What to produce
Exact retyping of the data: please keep every word and drop each picture.

Given information

▼▼▼

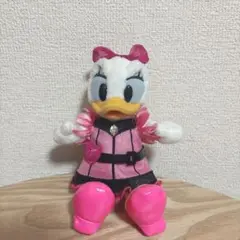 新品未使用　タグ付き　ミニー クラブマウスビート ぬいぐるみバッチ　廃盤 クラブマウスビート ミニーマウス ぬいぐるみバッジ - メルカリ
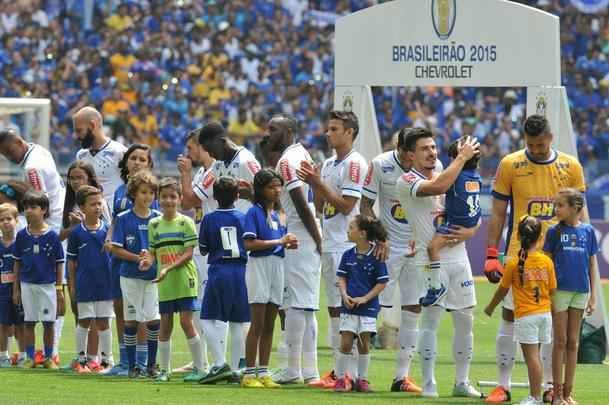 Com doena rara, menino de seis anos foi homenageado pela torcida do Cruzeiro antes do jogo contra o Fluminense
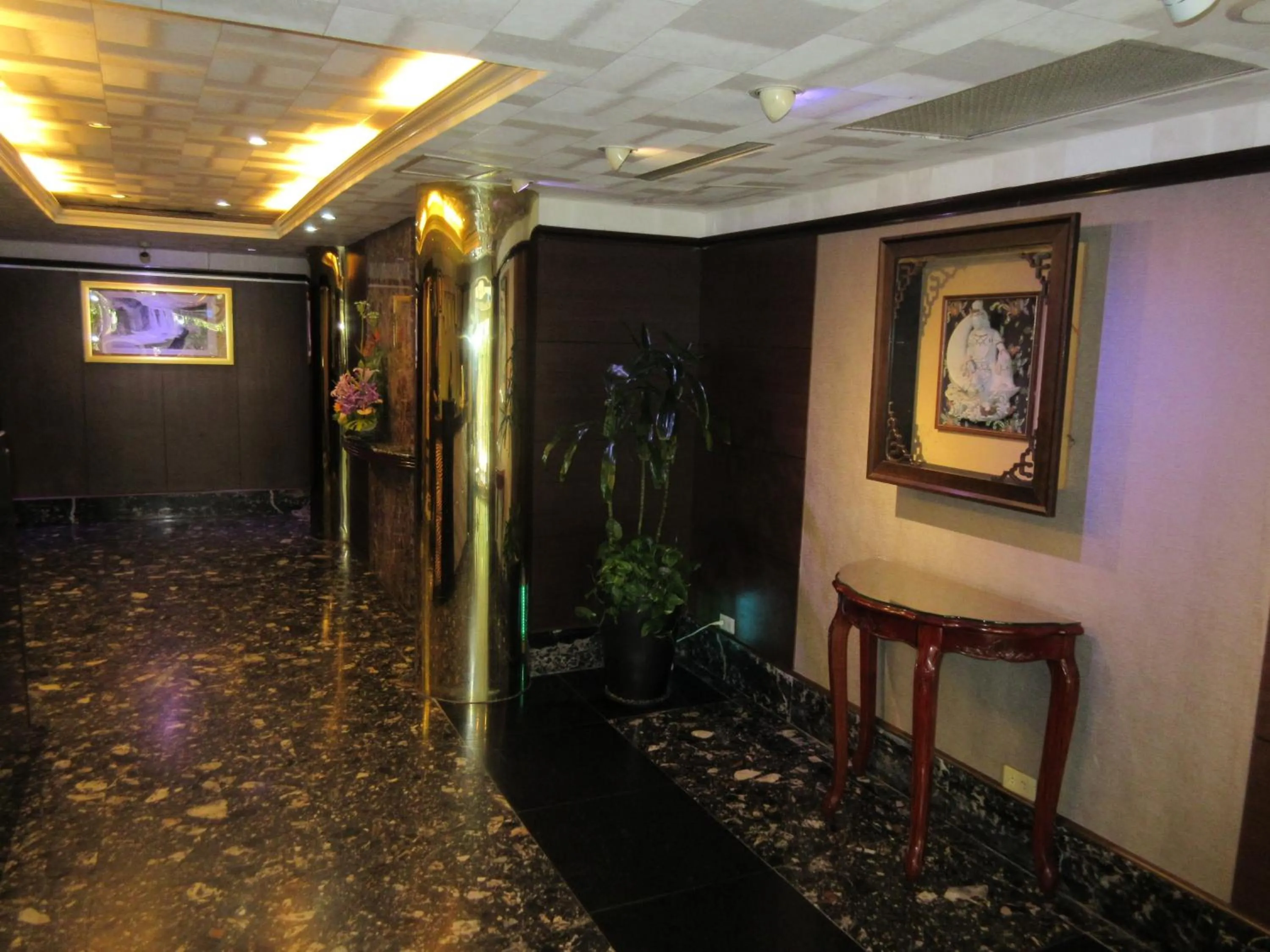 Decorative detail in Dahshin Hotel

▲▲▲

Solution
 新品未使用　タグ付き　ミニー クラブマウスビート ぬいぐるみバッチ　廃盤 クラブマウスビート ミニーマウス ぬいぐるみバッジ - メルカリ
 Com doena rara, menino de seis anos foi homenageado pela torcida do Cruzeiro antes do jogo contra o Fluminense
 Decorative detail in Dahshin Hotel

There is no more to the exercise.